Nigeria star Francisca Ordega in her third season in USA’s NWSL
Played in front of a historic capacity crowd at last year's African continental final
Ordega says African women’s football will "grow rapidly in the next few years"
On 3 December last year, something extraordinary happened. Fans started arriving at the Stade Ahmadou Ahidjo in Yaounde a few hours before dawn for a match with a mid-afternoon start. The stadium was effectively at its 40,000 capacity a full five hours before kick-off. The match in question was the final of the CAF Africa Women Cup of Nations. It is a moment that will surely go down as a milestone event for African women’s football.
Local hopes of a maiden title were, however, dashed as favourites Nigeria earned a 1-0 triumph. A few months on and Nigeria forward Francesca Ordega still gets shivers of excitement when the topic turns to that continental decider.
“This crowd was something else,” an animated Ordega told FIFA.com. “Even for men, you don’t often see that kind of support.

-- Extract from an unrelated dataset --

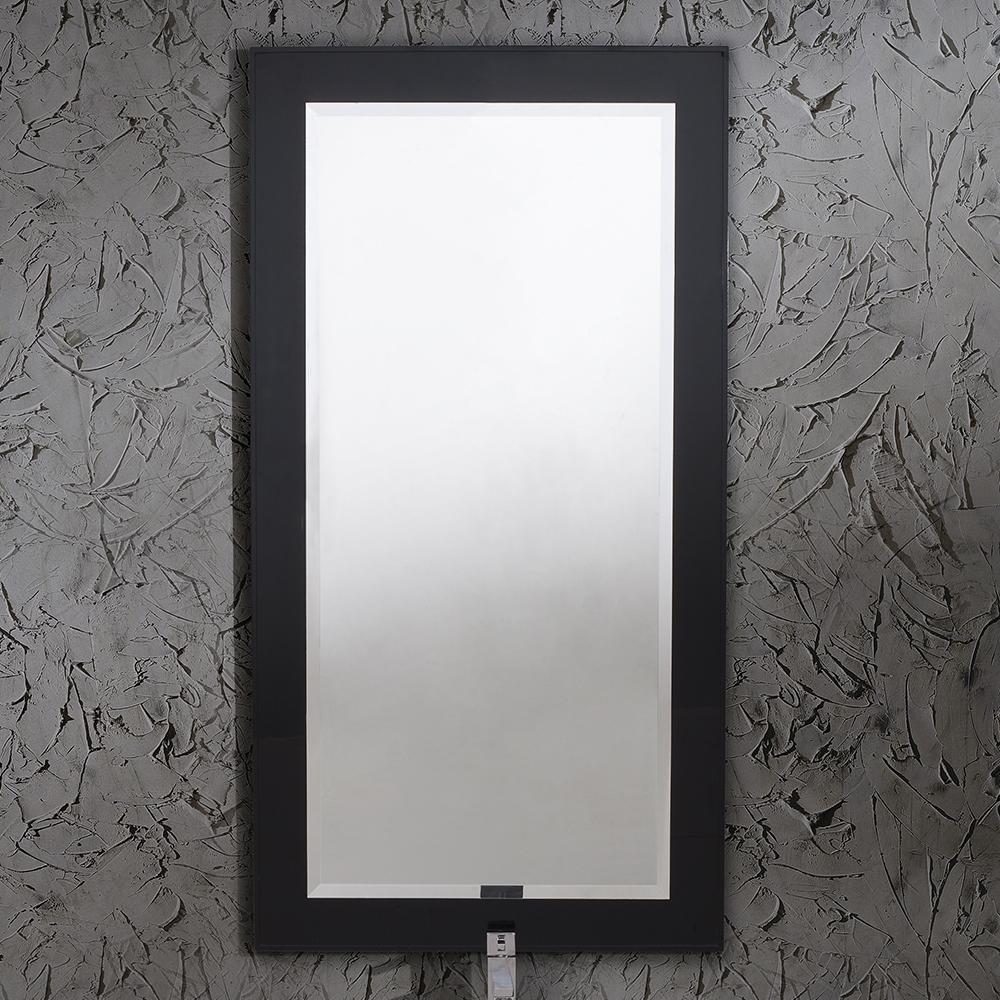 Fresca Moselle 36" Modern Glass Bathroom Vanity w/ Mirror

The place was crazy that day, people couldn’t even get into the stadium. This was really something else, truly amazing.
“I was very happy that we won in front of all the Lionesses fans. It is a different feeling altogether. Playing against Cameroon was really tough. They are a great team, and everyone in Cameroon was supporting them. But we had a lot of professionals in our team, and we were able to count on that experience. Also having a female coach (Florence Omagbemi) and female technical crew ... the feeling was somehow different.”
Not that Ordega is inexperienced in the ways of world football. At just 23, Ordega has already featured in four FIFA competitions, and played in five countries – Russia, Sweden, USA, Australia and Nigeria. Also, she has just started a third season at Washington Spirit, a largely unheralded side who took the National Women's Soccer League (NWSL) by storm last term before fading to finish second.
Africa’s bright new dawn
That win in Yaounde was a tenth continental victory for Nigeria, with the Super Falcons record spoilt only by two wins for Equatorial Guinea. While Nigeria have long had it their own way, the spread of talent at the recent continental championship is evidence of a rapidly-changing environment on the Mother Continent.
Ordega says she has seen significant change during her relatively short career. “The first time I played against Cameroon, it was like playing against babies, we were just toying with them and taking them for granted,” she said.